Wednesday, March 22, 2017

The election was not about policy

Mick Mulvaney, the head of the OMB and a leading figure in designing Trump's budget proposal, is just about as extreme in his views as anyone ever in that role.  He is an unequivocal political appointee rather than a career budget professional in government.  He is notable as a South Carolina Republican, and that is the sort of pol atmosphere that bred Lee Atwater.  They are harsh and unapologetic.  That's an observed generalization and may be unfair to some in the state of Aiken and Myrtle Beach, but it is in fact true.  This is a place of extreme unvarnished opinions.
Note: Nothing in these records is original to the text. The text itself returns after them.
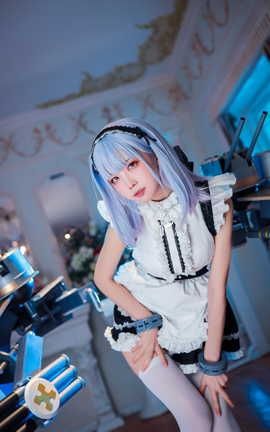 水淼Aqua - 黛朵&蒂法礼服_丽丝库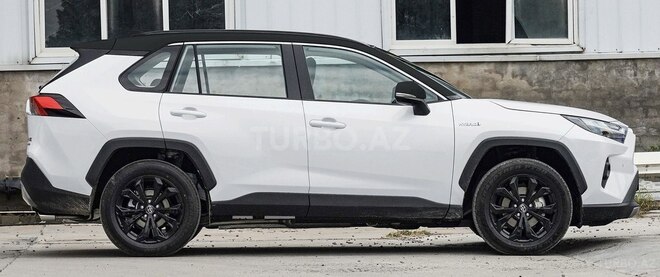 Toyota RAV4 2025, 0 km - 2.5 l - Bakı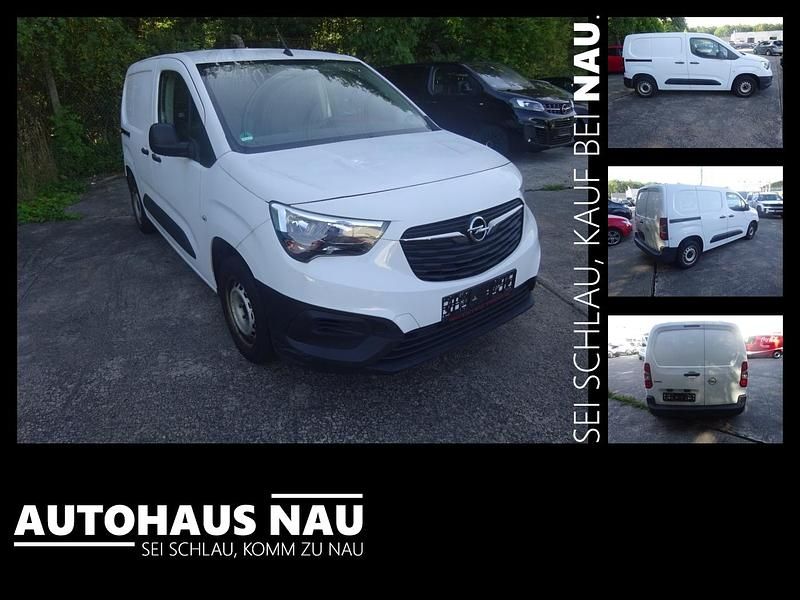 Jade weiss Gebraucht 2020 Opel Combo Selection Van / Kleinbus | 12.990 € (Fairer Preis) - Bild 1/4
So here is Mulvaney in this pivotal role for the scatterbrained but intuitively disruptive Trump. Mulvaney says that the budget reflects Trump's commitments during the election, and that he and his staff are determining what Trump thinks by reviewing all of his speeches during the campaign.  Then they are distilling what policies he has committed to in speaking to the American people, and turning them into a budget.  Could anything sound more like a way for Steve Bannon to remind Trump what his policies are and for a callous person like Mulvaney to try to implement them.

Congress is the arbiter of the budget and the budget must be approved there.  The Republicans, in a perfect world, would like to coalesce around a proposal that they could all agree on and with their power in the executive and legislative branches put it in place.  Unfortunately for them, as some in Congress are realizing now, Trump was not elected based on policy proposals.  He articulated nothing clearly in the campaign other than an opposition to the ruling paradigm and an ever soaring obsession with himself.

So now, repeatedly, Trump and his handlers are mandating, when executive orders allow, and proposing, where others need to approve, policies that will disadvantage the base that elected him. Whether in healthcare, or wage policy, or environmental needs, or taxation or...on and on, they are betraying their voters and think they can get away with it through obfuscation and patriotic blather.

This is not new.  It's a different iteration of an old game.  Now it has become more extreme in a way that is troubling even to some mainstream Republicans and libertarians of the past who were, in their own way, constructive and balanced opponents of the Democratic Party approaches to governing.

A budget that pinpoints with precision relatively tiny programs that are dedicated to straightforward positive fulfillment of the social, dietary, and aspirational needs of our citizens, and cuts them as unnecessary, is beyond troubling.  It could be the vanguard of something far worse.